** Assignment **
Print the lines below from the line with "Appartement De Charme" to the line with "56 Suffolk Road, Sunshine" exactly, keeping both ends, and print no pictures.

** Data for review **
::::
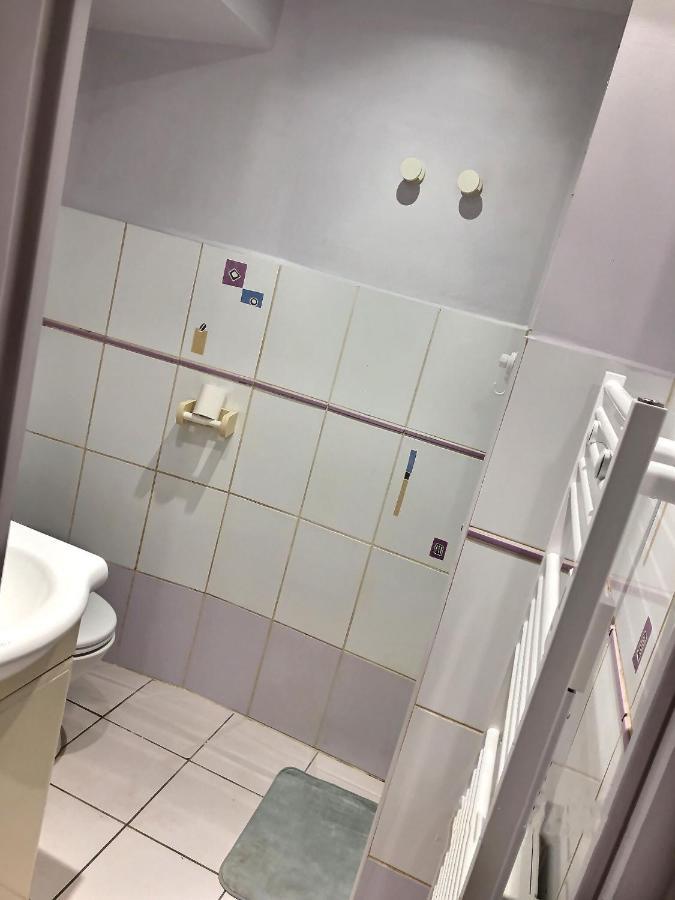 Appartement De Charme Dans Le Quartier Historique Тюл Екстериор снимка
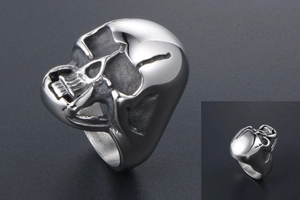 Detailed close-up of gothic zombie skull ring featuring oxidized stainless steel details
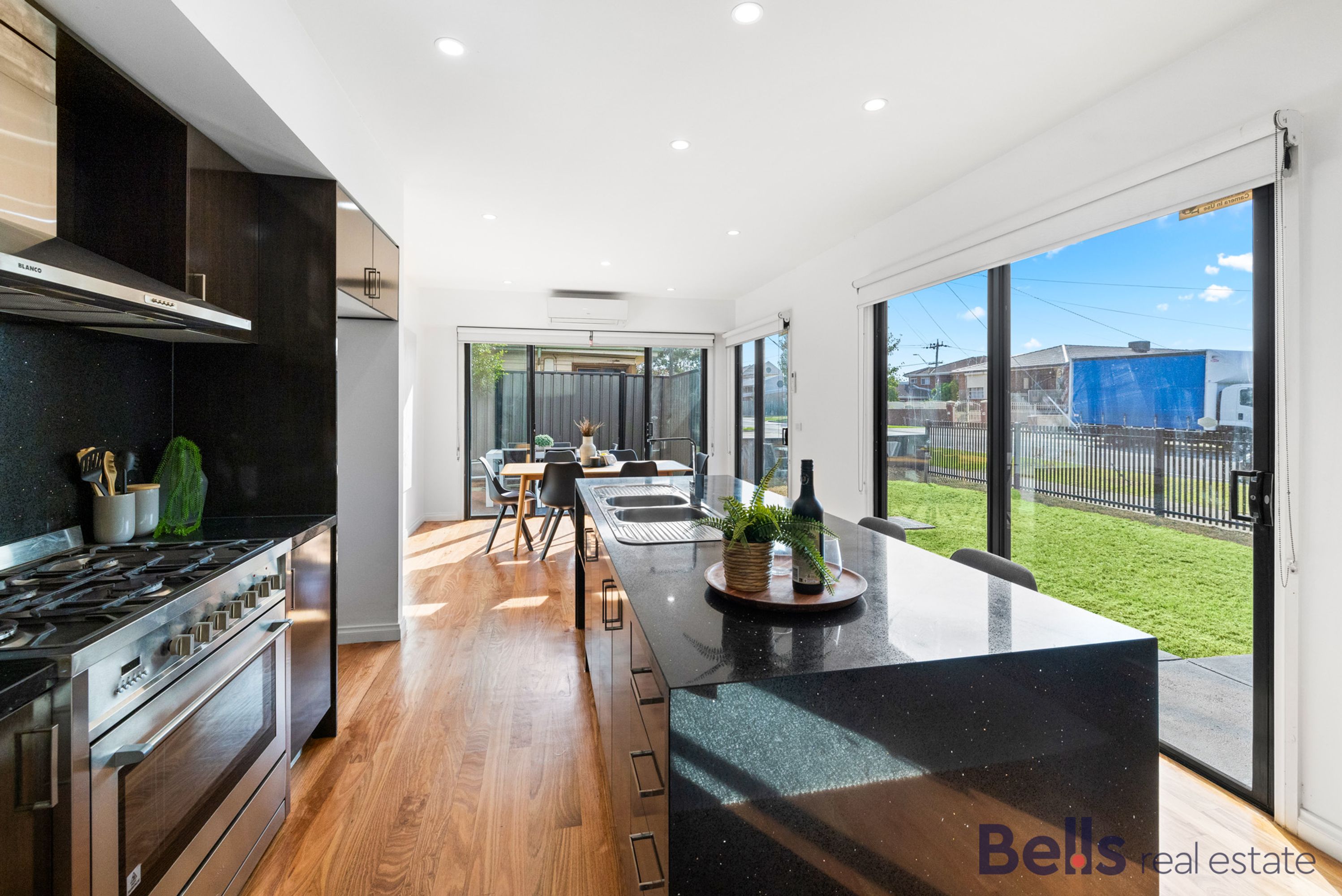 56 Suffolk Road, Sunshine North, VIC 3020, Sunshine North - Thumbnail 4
::::
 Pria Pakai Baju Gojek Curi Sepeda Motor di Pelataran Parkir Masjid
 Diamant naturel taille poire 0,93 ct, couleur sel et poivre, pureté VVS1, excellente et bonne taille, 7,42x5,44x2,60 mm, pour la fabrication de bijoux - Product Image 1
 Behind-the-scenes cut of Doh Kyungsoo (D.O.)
::::
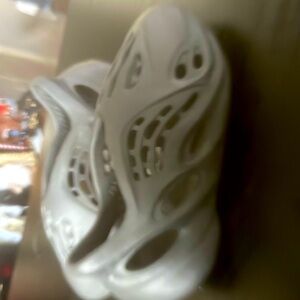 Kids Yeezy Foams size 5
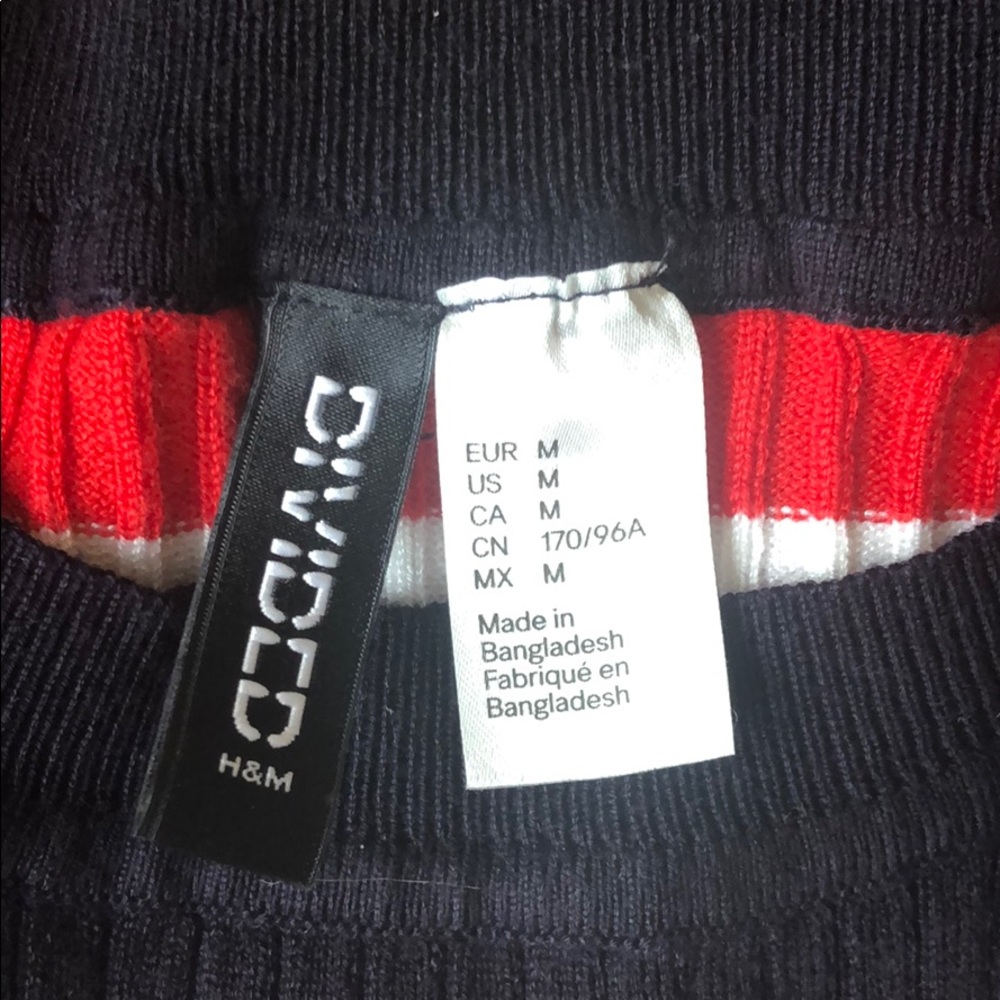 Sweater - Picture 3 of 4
::::
** Expected output **
 Appartement De Charme Dans Le Quartier Historique Тюл Екстериор снимка
 Detailed close-up of gothic zombie skull ring featuring oxidized stainless steel details
 56 Suffolk Road, Sunshine North, VIC 3020, Sunshine North - Thumbnail 4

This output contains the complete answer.